Code is Data that is charged. Code that is evaluated is Data.

Objects are generally kept in their symbolic form until their lazy evaluation can no longer be delayed.

In root contexts and function calls objects get fully evaluated. Root contexts are the shell, files and the main function.

z=y*y
y=x+x
x=3

⚠️ In the shell, assignments are treated symbolically! z=y*y would be erroneous in a normal block, if y was not defined!

In the shell objects are printed in their symbolic form and evaluated until their final value is revealed:

>>> z
y*y
(x+x)*(x+x)
(3+3)*(3+3)
6*6
36

To see the final value of directly, objects are evaluated with o() o? or o!

>>> z!
36

The shell also has a direct mode in which the intermediate steps are omitted and just the final value is printed. Which way is default can be configured.

Objects being charged means that data is treated as code, and that their symbol gets evaluated.

help={info:"there is no help "}
> help # nothing happens, help is **uncharged data**
to help={print "there is no help "}
> help # prints the message, help was code
help={info:{get help}}
help # in root contexts like the shell help gets evaluated and ``get help`` is called
info:{get help}
info:"whatever get help returned"

Objects get charged with function keywords like to as can be seen above.
To uncharge symbols/functions they can be prefixed with function,code or data.
E.g. print function help will print the function definition, and not call get help.
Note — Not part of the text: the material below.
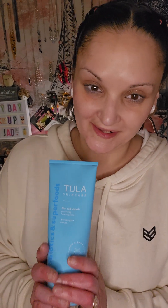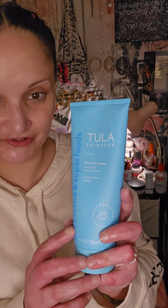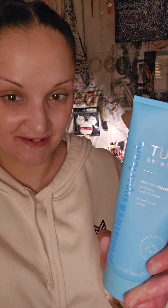Okay, first I cleanse my face. Today I use Tula skincare. This is the cult classic purifying face wash.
When calling a function all parameters are fully evaluated (unless being explicitly uncharged as above)

It is important to note that help={data:{get help}} will not call get help until help is evaluated.
To create data with return values of evaluated functions on the spot, objects are evaluated with o() o? or o! help={info:{get help!}} help={info:"whatever get help returned"}

The exclamation operator '!' evaluates everything in an expression on its left side (on the spot).
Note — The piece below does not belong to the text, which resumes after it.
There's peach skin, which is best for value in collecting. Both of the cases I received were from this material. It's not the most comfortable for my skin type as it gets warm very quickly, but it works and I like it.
Later: As in lisp there can be several levels of quoting. macros are just second order functions of auto-quoted data. To force arguments as being auto quoted, they can be denoted as data = quoted or code = block . To do: are these really equal synonyms, or does the block keyword act differently to the code class?

If in doubt, objects can be evaluated on the spot (in the current context) with o() o? or o!
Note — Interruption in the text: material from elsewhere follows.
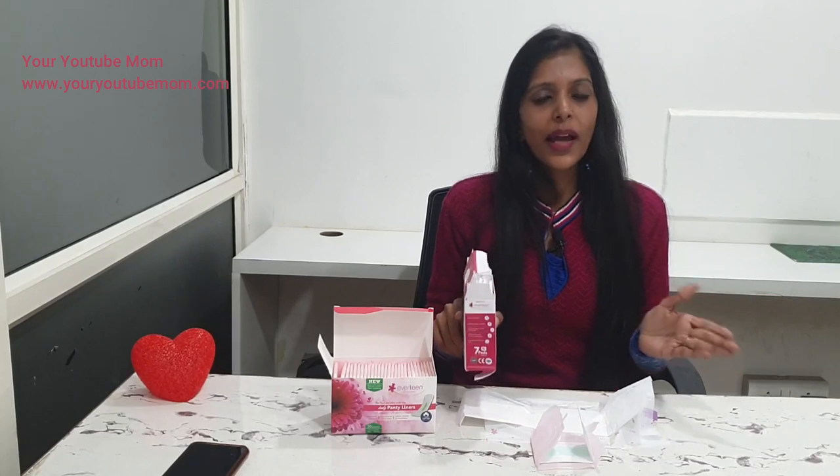Now I'm going to show you the box up close. On this box they have listed the benefits of using this pad. One pad can be used for eight hours. If you get rashes during your periods, it says it's going to reduce the risk of rashes. Many times when we use other pads we feel wet, but this pad says it will absorb the complete bleeding and give you complete wet-free protection.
The lisp concepts of quoted code as data closely resemble Angle's concept of uncharged symbols aka data. Unlike lisp in Angle charging and unchanging (un-quoting and quoting) are equal parts of the language.

While lisp is "function default" angle is "data default", that is: anything which is not a function is treated as data, unless (explicitly) evaluated in which case that data is treated as code.

The difference between code and charged symbols is subtle: A symbol which holds data is code once the symbol is evaluated. A charged symbol gets evaluated whenever it occurs. Code gets evaluated without being attached to a symbol. What sounds complicated shall be obvious in the examples from above

help={info:"there is no help "} # data
help={info:{get help}}  # data until evaluated with help!
help={info:{get help!}}  # data with value of `get help`
to help={print "there is no help "} # charged symbol, call with help! or just `help`
info:{get help} # code evaluated on the spot

() denotes code by default {} denotes data by default

Is it possible to write closures as x : x*x ? so {x:x*x}(3)=9 ?

map [1 2 3] x:x*x == [1 4 9] ?

Alternative syntax:

map [1 2 3] x:x*x
map [1 2 3] x=>x*x
map [1 2 3] x->x*x
map [1 2 3] (x){x*x}  
map [1 2 3] {it*it}
map [1 2 3] it*it # no! it could be already evaluated!!
map [1 2 3] {|x| x*x} #meh
map [1 2 3] {x in x*x} 

repeated symbol execution

In which situations does a symbol get executed multiple times?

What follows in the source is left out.